Mustafa Helvacıoğlu, sözlerini şöyle sürdürdü: “Geçtiğimiz günlerde 3 tane sondaj çalışması yaptık. 2 tanesinde de sonuca ulaştık. Yeni sondaj çalışmaları sonuçlanana kadar, karaborsayı engelleme adına, Mecidiye Muhtarlığımız ile birlikte, maliyetine su satışı yapıldı. Ama gördük ki; mağduriyeti geçicide olsa giderme çabalarımız görmezden gelinerek kıyamet koparıldı. Ayrıca su satışının da yeni bir şey olmadığını ve geçtiğimiz dönemde 50-150 TL arası satıldığını hatırlatmak isterim. Tankerden aldığım su tekrar su sayacından geçti diyenler, sizlerin huzurunda birim müdürümüze talimatımı veriyorum. Tanker firmasından aldıkları resmi makbuzu belediyemize getirmeleri halinde, makbuzdaki ton miktarı kadar faturalarından düşülecek.”

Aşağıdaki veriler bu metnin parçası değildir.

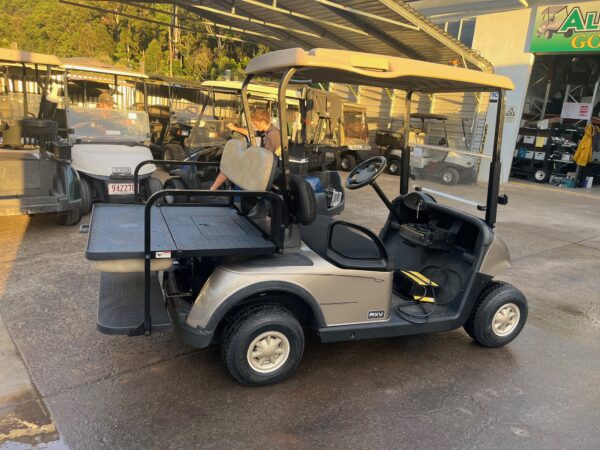 Rxv 20 Almond 4 Seater U237 (1)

“Kartlı sayaç sistemi ile %30 indirimli su kullanım imkanı sağlayacağız”
Konuşmasının sonunda su fiyatlarındaki artış ve kartlı sayaçlar ile tuzlu su kullanımı hakkında bilgi veren Helvacıoğlu, sözlerini şöyle tamamladı: “Kooperatifin devrinden sonra, Meclisimizce onaylanmış tarifeler yönetmeliği kapsamında mücavir alanlarda uygulanması gereken su tarifesini uyguladık. Tıpkı Yayla mücavir alanımızda olduğu gibi. Enflasyon %12 olmasına rağmen %9’luk bir artış yapıldı. Kartlı sayaç sistemi ile %30 indirimli su kullanım imkanı sağlayacağız. Fatura ve faiz derdi olmayacak, kuyrukta bekleme ve kademeli tarife olmayacak, ev sahibi kiracı anlaşmazlıkları ortadan kalkacak, harcadığınız suyu her an kontrol edebileceksiniz, 3 tona kadar yedek su kredi imkanı olacak ve son olarak kayıp-kaçak uyarısı ile yangın acil durum modu kullanımları sağlayacak. Öncelikle suyun getirilme maliyeti var. Hatırlarsanız diğer yıllarda da tuzlu su problemi yaşanıyordu ve önlem olarak yine su satışları yapılıyordu. Tuzlu su karışan suyu neden veriyorsunuz denebilir. Fakat sonuçta tuzlu su karışmış bile olsa, ‘Suyu verin sifonu çekeyim’ diyen vatandaşlarımız var. Mağduriyet yaşanmaması için suyu vermek zorundayız.”
Yaklaşık 2,5 saat süren toplantı, Belediye Başkanı Helvacıoğlu’nun konuşmasının ardından Erikli sakinlerinden gelen soruların cevaplandırılması ve birim amirleri tarafından teknik konularda bilgi verilmesinin ardından sona erdi.